And 0.4.1/0.4.2 was released - if you are measuring very short time periods and don’t measure malloc or OS metrics, you’d want to update as the overhead for measuring have been significantly reduced (wouldn’t impact the quality of measurements, but would impact real world time spent waiting for the benchmark run for such setups).
Also fixed a bug for absolute thresholds where the units would be the same as measured (now instead concrete helpers for defining them, e.g. .mega(3) or .milliseconds(5).
.build/checkouts/package-benchmark/Sources/BenchmarkSupport/MallocStats/MallocStatsProducer+jemalloc.swift:109:59: error: cannot find 'MALLCTL_ARENAS_ALL' in scope
let result = mallctlnametomib("stats.arenas.\(MALLCTL_ARENAS_ALL).small.nrequests",
.build/checkouts/package-benchmark/Sources/BenchmarkSupport/MallocStats/MallocStatsProducer+jemalloc.swift:119:59: error: cannot find 'MALLCTL_ARENAS_ALL' in scope
let result = mallctlnametomib("stats.arenas.\(MALLCTL_ARENAS_ALL).large.nrequests",
[12/15] Emitting module BenchmarkSupport
building from source worked for me, here is what i put in my dockerfile if it helps anyone:
RUN sudo yum -y install bzip2 make
RUN curl https://github.com/jemalloc/jemalloc/releases/download/5.3.0/jemalloc-5.3.0.tar.bz2 -L -o jemalloc-5.3.0.tar.bz2
RUN tar -xf jemalloc-5.3.0.tar.bz2
RUN cd jemalloc-5.3.0 && ./configure && make && sudo make install
after all the usual swift toolchain dependencies.
make install installs the libraries in /usr/local/lib, which the plugin can’t find, so you also have to do:
Had a few questions come up while taking a look through the plugin:
google/swift-benchmark had an option where it would try to get a statistically meaningful performance value if no number of iterations was provided is that something that could be interesting?
Would adding a standard deviation be interesting? (I just mention it since google/swift-benchmark originally displayed that as well)
Could it be possible configure for benchmarks to be in different folders than Benchmarks as well? Ie a per target folder for example.
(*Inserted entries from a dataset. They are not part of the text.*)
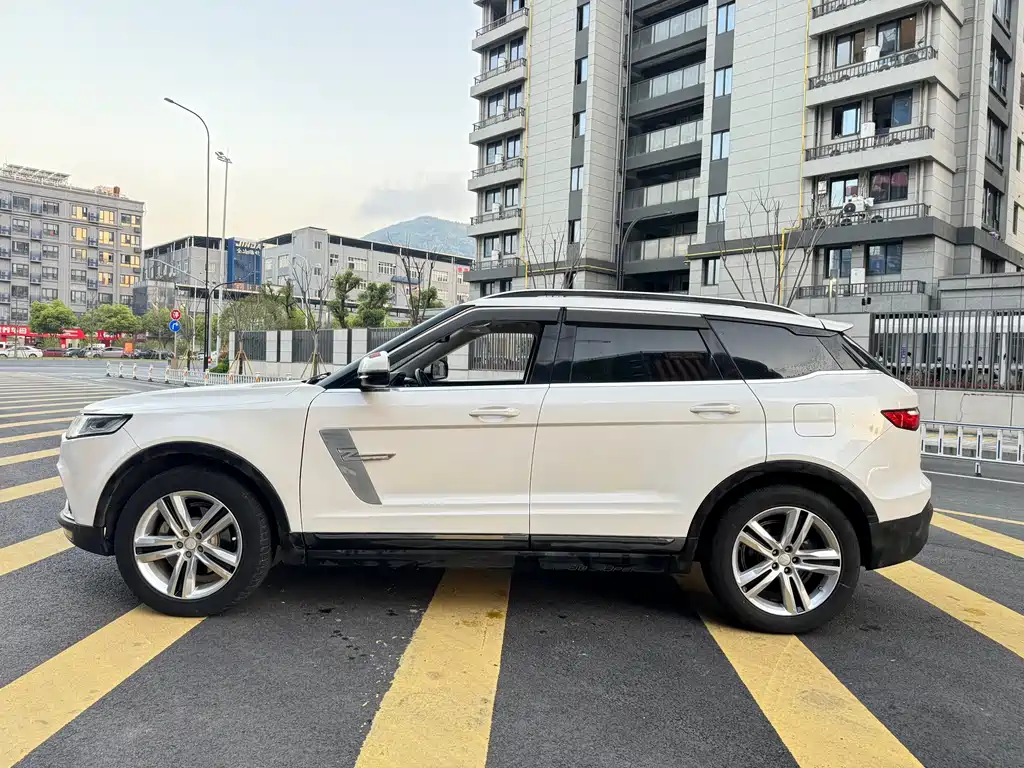 Zotye T700 1.8 T DCT Premium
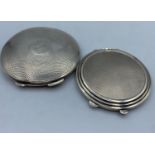 2x Silver Compacts 1950s, total weight 110g, 6cm and 6.5cm diameters (2)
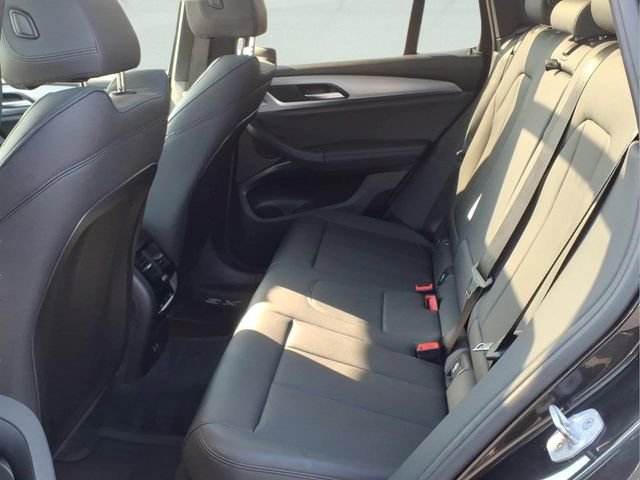 Used 2021 BMW X3 xDrive30e AWD/4WD image 13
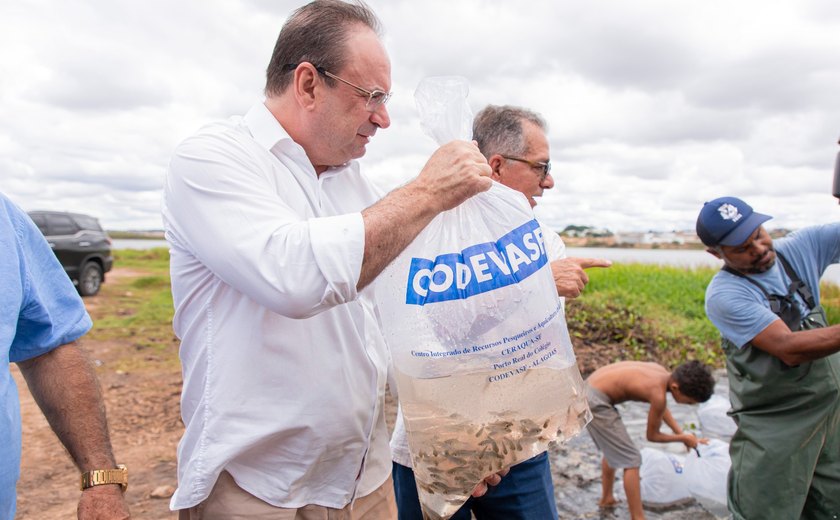 Prefeitura beneficia colônia de pescadores com peixamento no Lago da Perucaba
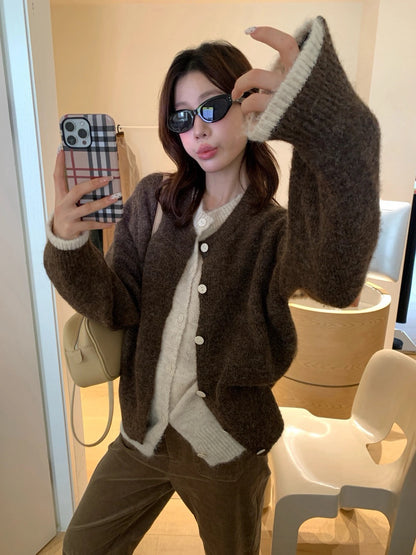 C82 / 撞色假兩件排扣圓領冷外套(8%WOOL)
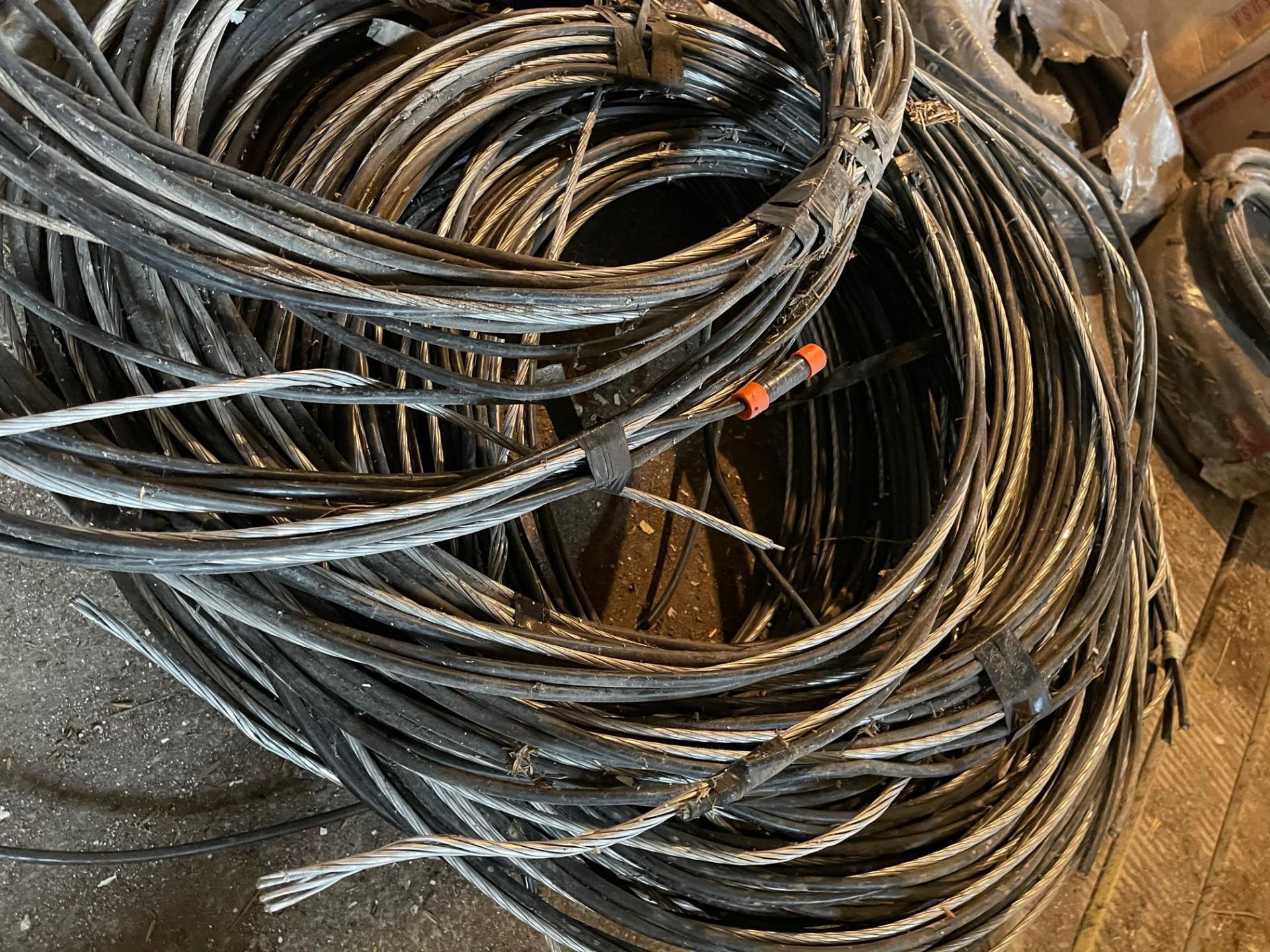 LOT OF ASSORTED TRIPLEX HYDRO WIRES, MOSTLY ALUMINUM - Image 2 of 2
I have a large project where a lot of modules are grouped together with custom path's for most targets, would be very convenient to also put benchmarks into these groupings.
I’ve never seen much use for ‘auto iterations’ in practice, as we’d usually tweak it with the combination of runtime / number of iterations - which would give more comparable test runs too - but maybe I’m missing something and would be happy to be convinced otherwise.
With regard to SD, I think it’s an error to have it in the first place in Google benchmark actually - see e.g. React San Francisco 2014 : Gil Tene - Understanding Latency - YouTube (or many other nice talks from Gil Tene) around the 30-minute mark - performance measurements aren’t normally distributed in practice, so it’s not a good model to try to fit into IMHO.
It’d make sense to support more flexibility for benchmark placement for more complex project layouts, maybe an optional prefix for the executable targets could be one way to do it (there’s no way to mark up targets with metadata as far as I know that we could use) - PR:s are welcome!
yes, i’ve found performance tends to be multi-modal (as they do mention in the video), and this defies easy summarization with a statistic like standard deviation. in my opinion you really have to view the histogram to read these sorts of measurements. like:
That's exactly the response I was hoping for haha. Thanks. I don't have that much experience with more than basic performance testing so that's good to know thanks for sharing.
I'll try to give a better example of a setup when I know how I'd ideally incorporate it with our project structure thanks! Then we might be able to get to a PR at some point :)!
Thanks for the response.
We haven’t, although the intention was to make it possible by pulling out the data from the JSON format to some external system like grafana if you want to plot performance over time.
Our primary use cases are a) to validate PR performance vs main to avoid merging in regressions and b) to provide a convenient workflow for engineers for improving key metrics such as malloc s/memory footprint/context switches etc, vs baselines when actively working on performance cases.
Is there a convenient way to run a single benchmark? Would be cool if we could somehow get the same way of running benchmarks as tests (buttons to run individual ones in Xcode). Not sure if that's possible however
It doesn’t work as xctest crashes with jemalloc that is used for the Malloc counters. That is only a problem with the proprietary xctest on macOS - the open source one on Linux works fine - I have a feedback open with Apple that was closed as they thought it was a problem with jemalloc - but had jemalloc engineers debug it and it seems xctest on macOS passes a pointer to jemalloc that was not allocated with jemalloc - so would need to fix that.
It also doesn’t build optimized for xctest targets as far as I understand? But maybe that is possible somehow.
There is probably some other issues with r gags to integration with eg. Swift argument parser etc (we need to be able to run from command line at Linux too), but that might be possible to split perhaps.